In an examination, 30% and 35% of students respectively failed in history and geography while 27% of students failed in both the subjects. If the number of students passing the examination is 248, then find the total number of students who appeared in the examination.
A. 425
B. 400
C. 380
D. 725

Answer 1

We here have been given the percentage of students, which failed history and geography and also the percentage of students who failed both. Then we have been given the total number of students who passed the examination and we have been asked to find the total number of students who appeared in the examination. For this, we will first find the percentage of students who failed the examination. For this, we will use the formula from set theory given as $n\left( A\cup B \right)=n\left( A \right)+n\left( B \right)-n\left( A\cap B \right)$ where we will assume set A to be the set of students who failed history and B to be the set of students who failed geography. After that, we will find the percentage of students that passed by subtracting the percentage of students that failed from 100, and then we will assume the total number of students who gave the examination to be ‘x’. Then we will keep that percentage of x equal to the given number of students and hence we will form an equation. On solving that equation we will find the value of x and hence our required answer.

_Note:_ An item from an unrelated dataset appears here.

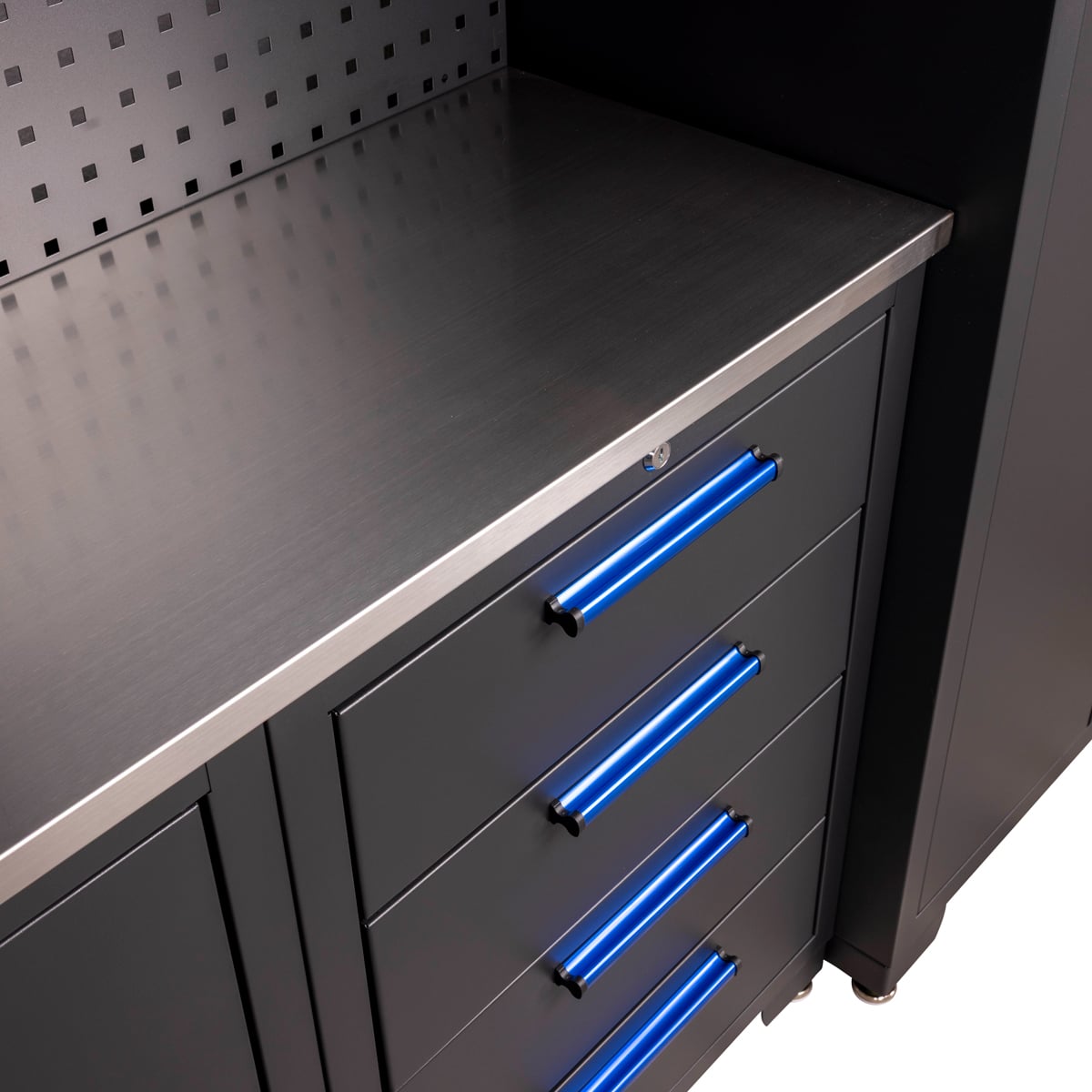 SGS 9pc Garage Storage System with Pegboard | Stainless Steel Worktop | 3x Floor Cabinets | 3x Upper Cabinets | 2x Tall Double Side Cabinets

Complete step-by-step solution
We have been given that 30% of students failed in history and 35% of the students failed in geography and the percentage of students who failed in both the subjects is given to us 27%.
Thus, we first need to find the total percentage of students who failed.
We know that $n\left( A\cup B \right)=n\left( A \right)+n\left( B \right)-n\left( A\cap B \right)$
Here, if we consider:
Set A= set of students who failed history
Set B= set of students who failed geography
Then,
Set $A\cup B$= set of students who failed both the subjects
Set $A\cap B$= set of students who failed
Hence, we have:
$\begin{aligned} & n\left( A \right)=30\% \\\ & n\left( B \right)=35\% \\\ & n\left( A\cap B \right)=27\% \\\ \end{aligned}$
Thus, we get the percentage of students who failed the examination are:
$\begin{aligned} & n\left( A\cup B \right)=n\left( A \right)+n\left( B \right)-n\left( A\cap B \right) \\\ & \Rightarrow n\left( A\cup B \right)=30+35-27 \\\ & \Rightarrow n\left( A\cup B \right)=65-27 \\\ & \Rightarrow n\left( A\cup B \right)=38\% \\\ \end{aligned}$
Hence, the percentage of students who failed the examination are 38%.
Thus, the percentage of students who passed the examination will be:
$\begin{aligned} & \left( 100-38 \right)\% \\\ & \Rightarrow 62\% \\\ \end{aligned}$
Hence, there are 62% students who passed the examination.
Now, we have been given that a total of 248 students passed the examination.
Now, let us assume the total number of students to be ‘x’. Thus, we can say that 62% of ‘x’ students passed the examination.
Hence, we can say that:
$\dfrac{62}{100}\times x=248$
Thus, solving for ‘x’, we get:
$\begin{aligned} & \dfrac{62}{100}\times x=248 \\\ & \Rightarrow \dfrac{62x}{100}=248 \\\ & \Rightarrow x=248\times \dfrac{100}{62} \\\ & \therefore x=400 \\\ \end{aligned}$
Thus, the total number of students in the examination are 400.
Hence, option (B) is the correct option.

Note: Here we have used the concept of set theory. Some few formulas for set theory are given as follows:
1. $n\left( A\cup B \right)=n\left( A \right)+n\left( B \right)-n\left( A\cap B \right)$

Here, we can see that when we add the elements of set A and B, the common area, i.e. $A\cap B$ is counted twice. Thus, we have subtracted it once.
2. $n\left( A\cup B\cup C \right)=n\left( A \right)+n\left( B \right)+n\left( C \right)-n\left( A\cap B \right)-n\left( B\cap C \right)-n\left( C\cap A \right)+n\left( A\cap B\cap C \right)$

Here, we can see that when we add the elements of set A, B, and C, the elements common to set A and B, B and C, and A and C are counted twice so we subtract them. Due to this the area common to all of them is subtracted completely so it is added once again.
3. $n\left( {\bar{A}} \right)=n\left( U \right)-n\left( A \right)$

Here, to calculate the number of elements that do to belong to set A, we will subtract the number of elements inset A from the total number of elements, i.e. the number of elements in universal set U.